Tuesday, October 9, 2012

Why I Secretly Love Ke$ha's New Song

"Anyone who would spell their name with '$' in it deserves scorn." -- Alexi Helligar

Words of the week so far, courtesy of my big brother. Not that Ke$ha gives a hoot what Alexi or I think. She's an American idol who, in the last few years, has made more money than all my Facebook friends combined (minus Moby, who I'm sure is a lot richer than she is) will probably see in a lifetime.

But my God, her music! I've spent most of her time in the spotlight deriding her because of it.
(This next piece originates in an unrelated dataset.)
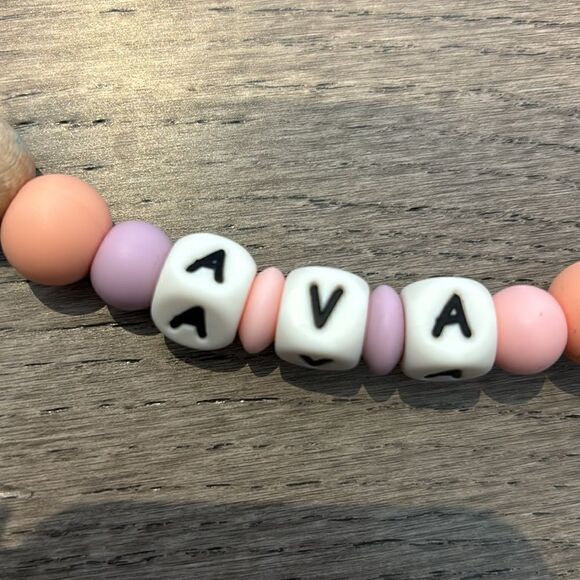 “Ava” soother clip - Picture 2 of 4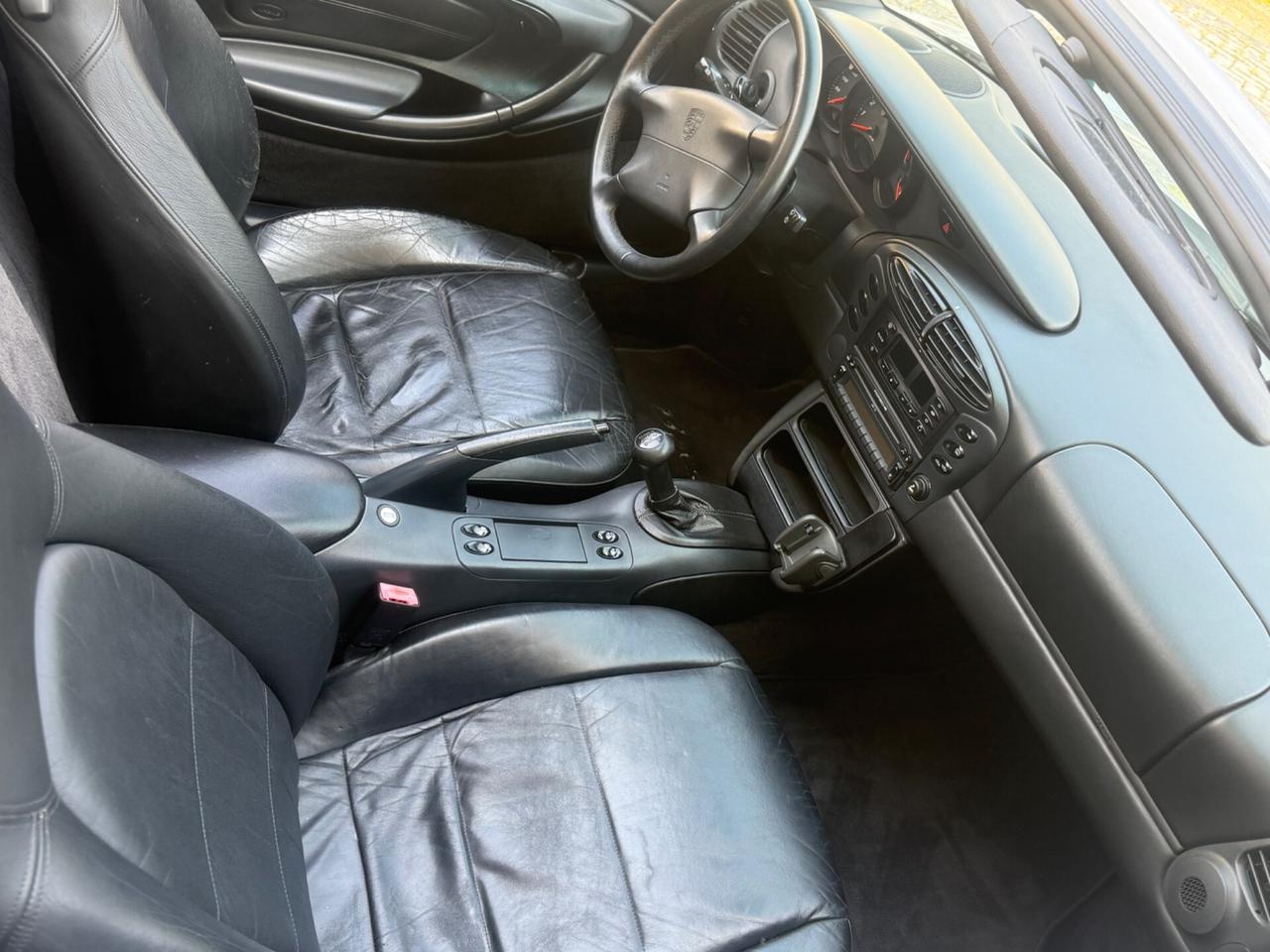 Porsche Boxster 2.5i 24V cat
While I suspect that she and I might actually get along in real life (any woman who'd brush her teeth with a bottle of Jack Daniel's is no lady, which is exactly how I like them), I just haven't been able to hop aboard the Ke$ha train and stay on it. Yes, I've stuck around for a stop or two: One drunken night in the Prince of Wales in Melbourne two years ago, I actually found myself dancing to "Take It Off" and loving it (the dancing, not the song), and although "Blow" blows, the video was one of my favorite clips of 2011, the best thing James Van Der Beek has done since before Dawson's Creek! But when all is said and sung, I'd rather walk.

How is it possible, I've asked myself numerous times since "Tik Tok," can the spawn of the woman (Patricia Rose Sebert) who cowrote Dolly Parton's great 1980 No. 1 country hit "Old Flames Can't Hold a Candle to You" spawn such crap? You can't choose your family, but thank God, you can choose which of their songs end up in your iPod!


Then along came "Die Young," the first single from Warrior, Ke$ha's second full-length studio album, which is out December 4, just in time to ruin my holidays. To be completely honest, "Die Young" doesn't sound much unlike what's come before it. There's the same lazy rapping-singing vocals, canned electro-pop beats and youth-gone-wild pose, and the under-the-strobelight riff was lifted right off of Taio Cruz's "Dynamite," or Flo Rida's "Good Feeling," both of which share a co-songwriter and co-producer (Dr. Luke) with "Die Young." Ke$ha still sounds like she's wasted on the Jack she gargles with. Maybe it's not her, it's me. I'm in a great mood this week, so I'd like anything, maybe even Rihanna's underwhelming "Diamonds" the next time I hear it.

But seriously, I think it's the song. The only thing that will stop it from going to No. 1 (it just debuted at No. 13, three notches above Rihanna's "Diamonds" and way above the apparent No. 34 peak of Christina Aguilera's "Your Body") is Adele's "Skyfall." Ke$ha had me at hello with this one. From the moment she sings the first line, "I hear your heart beat to the beat of the drum," and it's punctuated by a synthetic drum beat, I'm totally in.

Its MVPF (most valuable production flourish) is the marching beat that underscores the rest of the chorus, building the tension and the spark, making it one of the most exhilarating ones I've heard all year. The verses are standard issue Ke$ha (in other words, kind of lame), but in the hands of the right remixer, one with a stronger rock & roll sensibility than Dr. Luke, the entire song could end up rocking harder and better than anything on Pink's new album, including that too-tame Eminem duet.

Does it make me want to die young? Not a chance. But it almost makes me want to change my name just so that I can stick a "$" in it.